As opposed to the first three games, there are fewer objectionable moments in the second trilogy morally, but still some content worthy of concern. Violence is nigh entirely contained to the digital world in turn-based RPG "give orders and watch it happen" style. There is an implied scene of torture via electric shock at one point and a few moments where a heroic character physically manhandles some thugs menacing your hero, but the game omits the actual details, merely showing you the results of their disablement and fleeing.
Unlike the first trilogy, they worked pretty hard to avoid sexual innuendos or anything resembling foul language. They do have some confirmed real ghosts and a parody of what appears to be Eastern-style ghost-dispelling magic (i.e. - sutras for dispelling cyber ghosts that are just keyboard keys read aloud). The fourth and fifth games also feature a kid-friendly stand-in for Hell called Murkland, and it's regarded as an appropriately nasty and evil place.
Morally and ethically, the fourth and fifth games have a system called "Dark Chips". The fourth game makes their use unambiguously evil, using both metaphors making them a stand-in for both selling of one's soul and steroid abuse as analogs to how destructive they are, with in-game moral penalties for their use. The fifth game tones this down somewhat, making their use bad except under very narrow conditions, and even then they come with serious risks. This aside, both Lan and MegaMan.EXE are quite law-abiding and respectful of authority figures, and canonically default to most moral options. Worth noting one character is mentioned to get drunk in the fourth game, albeit accidentally, though it's not presented as a good thing. There is also a reference to wine at a fancy party at one point in the fifth game, mostly informative only as it's intended for legal adults only and the player is never allowed to drink it.
One nice redeeming theme the game has going for it is the importance of family bonds. Lan is very close to his family and not only do they become key players in helping him save the world from threats against both the digital and real worlds, but both Lan and MegaMan.EXE are revealed to be literal brothers (more on that is revealed in the first game) and as such their willingness to lay it all on the line for one another is pretty heartwarming.
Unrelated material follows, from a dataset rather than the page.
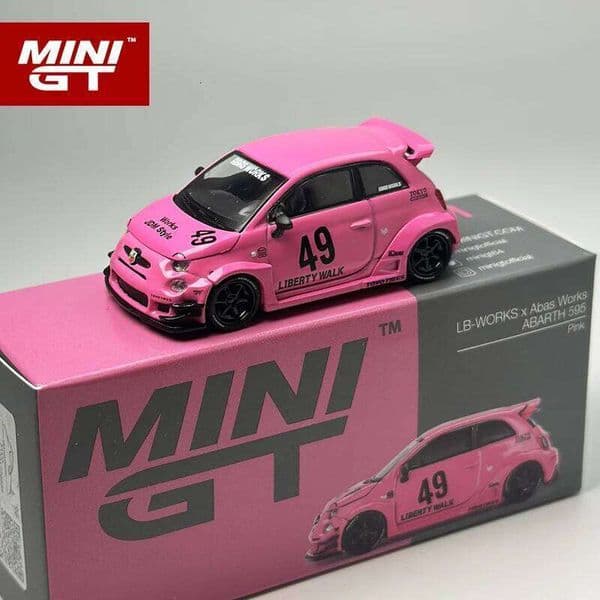 MINIGT 1:64 ABARTH 595 LB-WORKS x Abas Works Pink alloy car Model 851 26L0525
Unlike the first half of the trilogy, the second half isn't as great due to the abysmal fourth game. The fifth and sixth are still worth getting, and the fourth is still worth playing at least once since the fifth game does carry over a few references from what little they could salvage that was good about it. The sixth is still beloved for having some of the most fun multiplayer in the franchise, that alone is worth getting as well. If you can get it on sale with the first collection, this is also a worthy expense if you are a MegaMan Battle Network fan.